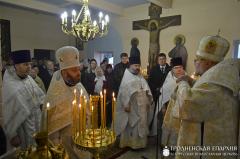 Асвячэнне царквы ў гонар Увядзення ў храм Прасвятой Багародзіцы ў аграгарадку Каралін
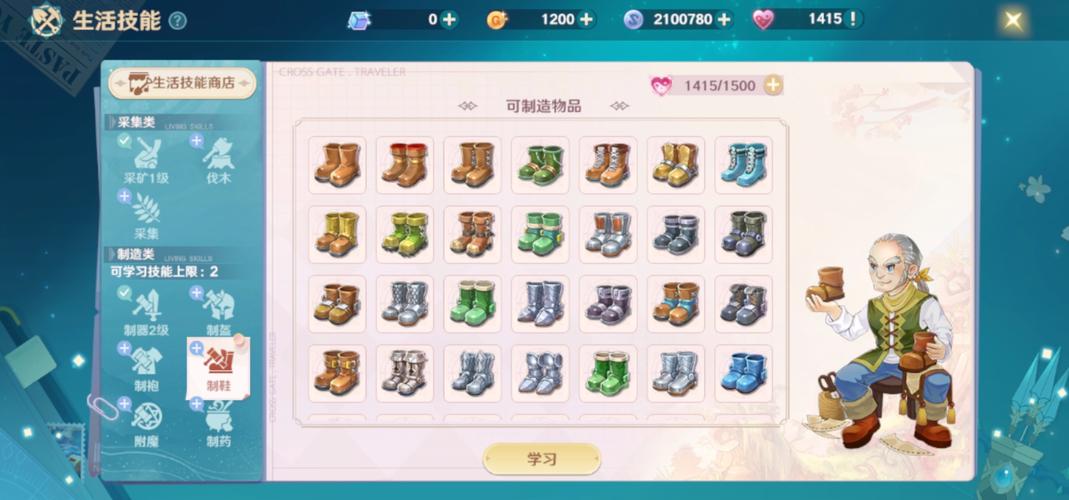 魔力宝贝私服顶级玩家装备展示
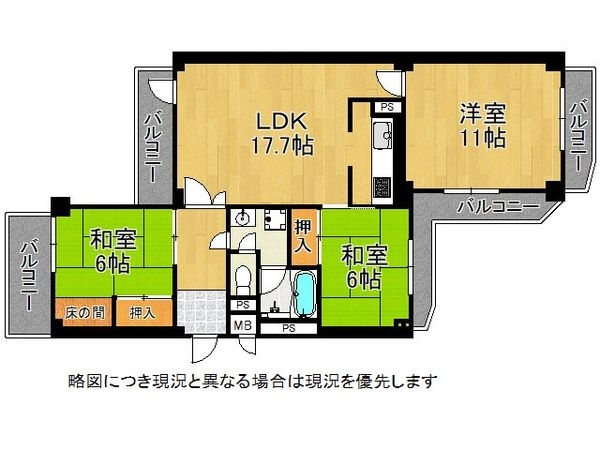 ハイタウン石切Ｆ棟　中古マンション
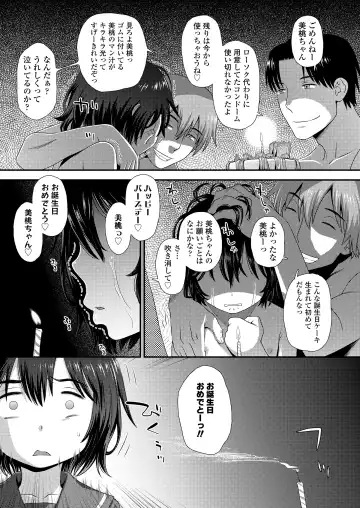 [Kudou Hisashi - Nogiwa Kaede - Ohaguro Dobu] COMIC LOE VOL.5 noir Fhentai - Page 55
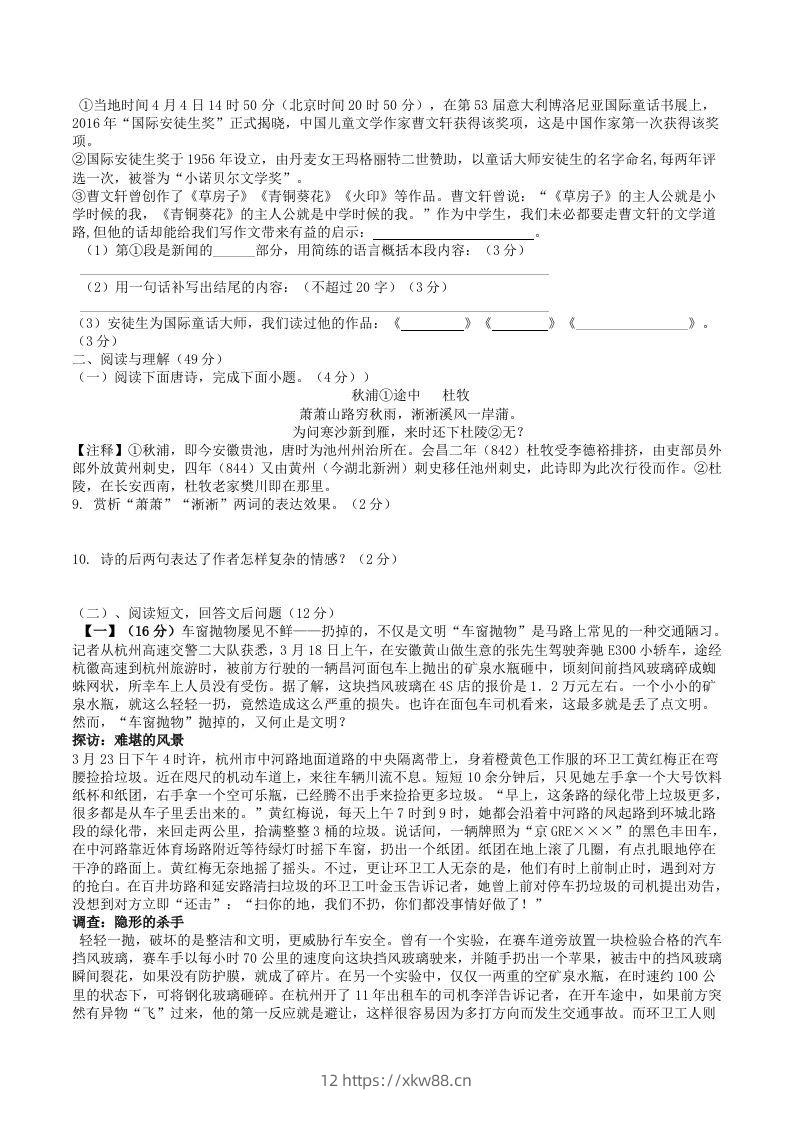 图片[2]-2022年部编版八年级语文上册第一单元能力提升综合训练试题及答案(Word版)-佑学宝学科网
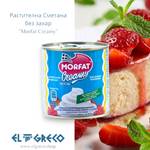 Растителна Сметана без захар  ''Morfat Creamy'' 250гр.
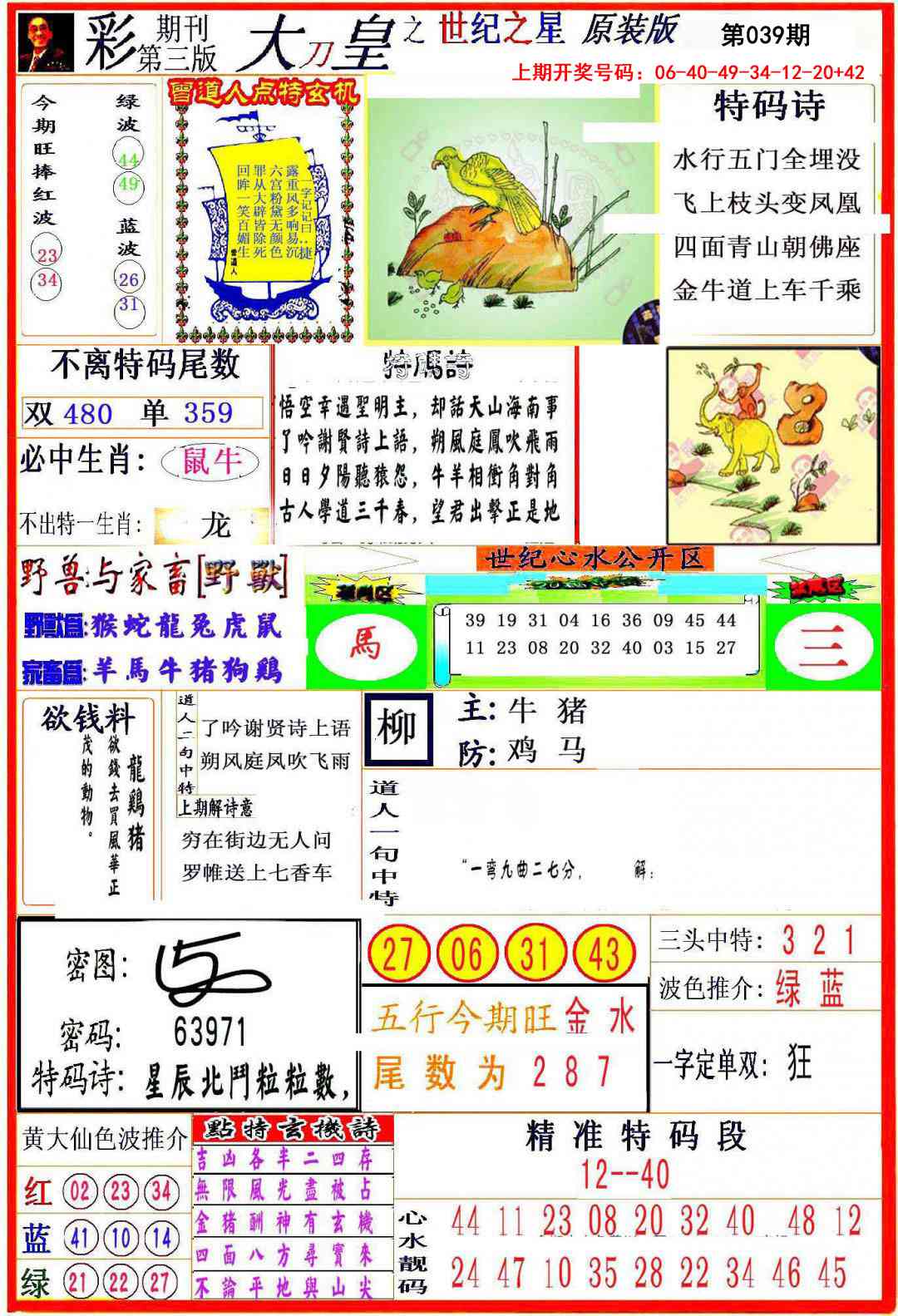 039期大刀皇之(世纪之星)[图]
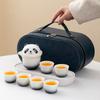 Jiang Taihui Panda Kuaike Cup Travel Tea Set Portable Ceramic Gift Box Travel Commemorative Birthday Gift
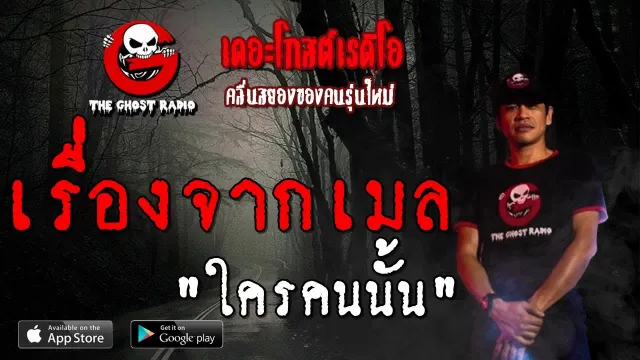 เรื่องจากเมล | ใครคนนั้น | 31 สิงหาคม 2562 | TheGhostRadio ฟังเรื่องผีเดอะโกส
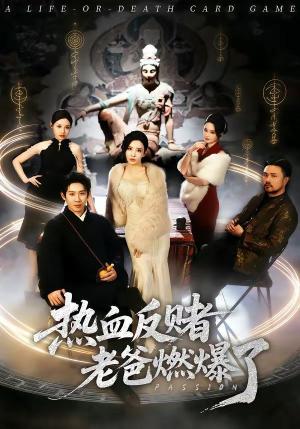 热血反赌老爸燃爆了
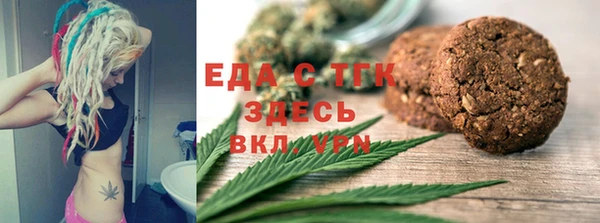 a pvp Балабаново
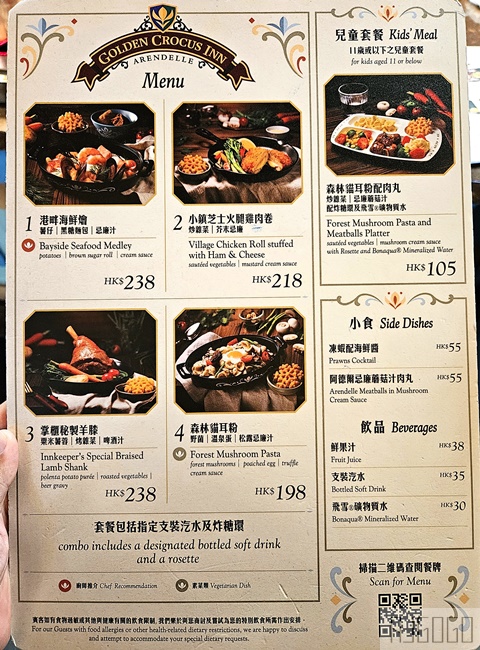 2026香港迪士尼冰雪奇緣新園區 香港迪士尼攻略 獅子王音樂劇與煙火一定要看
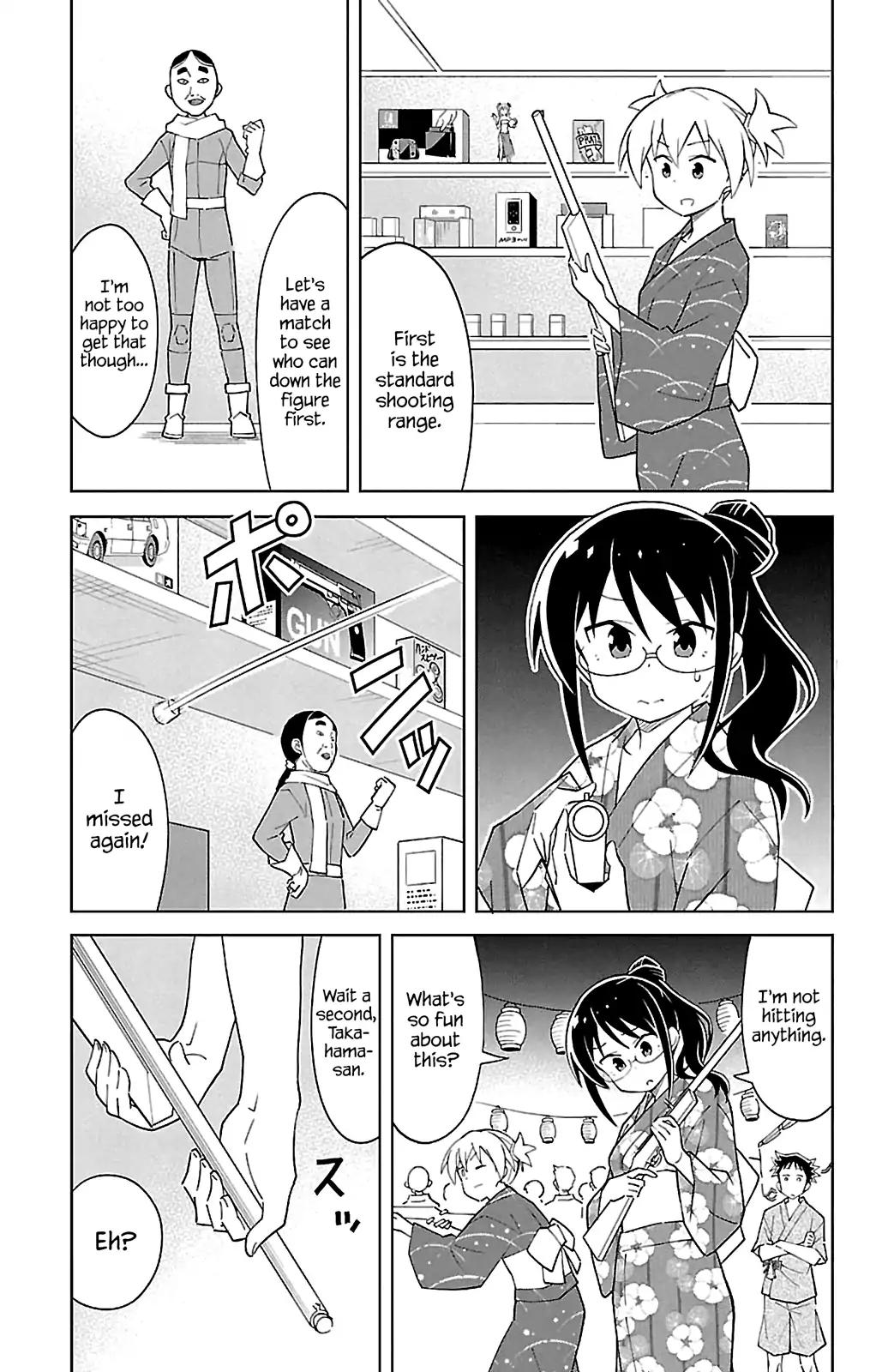 Atsumare! Fushigi Kenkyu-bu chapter 94 page 4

### [Prompt]
Reproduce exactly and only the lines from the line that contains "图片[2]-2022年部编版" to the end of the data above, both ends included. No pictures go in the copy.

### [Completed exercise]
 图片[2]-2022年部编版八年级语文上册第一单元能力提升综合训练试题及答案(Word版)-佑学宝学科网
 Растителна Сметана без захар  ''Morfat Creamy'' 250гр.
 039期大刀皇之(世纪之星)[图]
 Jiang Taihui Panda Kuaike Cup Travel Tea Set Portable Ceramic Gift Box Travel Commemorative Birthday Gift
 เรื่องจากเมล | ใครคนนั้น | 31 สิงหาคม 2562 | TheGhostRadio ฟังเรื่องผีเดอะโกส
 热血反赌老爸燃爆了
 a pvp Балабаново
 2026香港迪士尼冰雪奇緣新園區 香港迪士尼攻略 獅子王音樂劇與煙火一定要看
 Atsumare! Fushigi Kenkyu-bu chapter 94 page 4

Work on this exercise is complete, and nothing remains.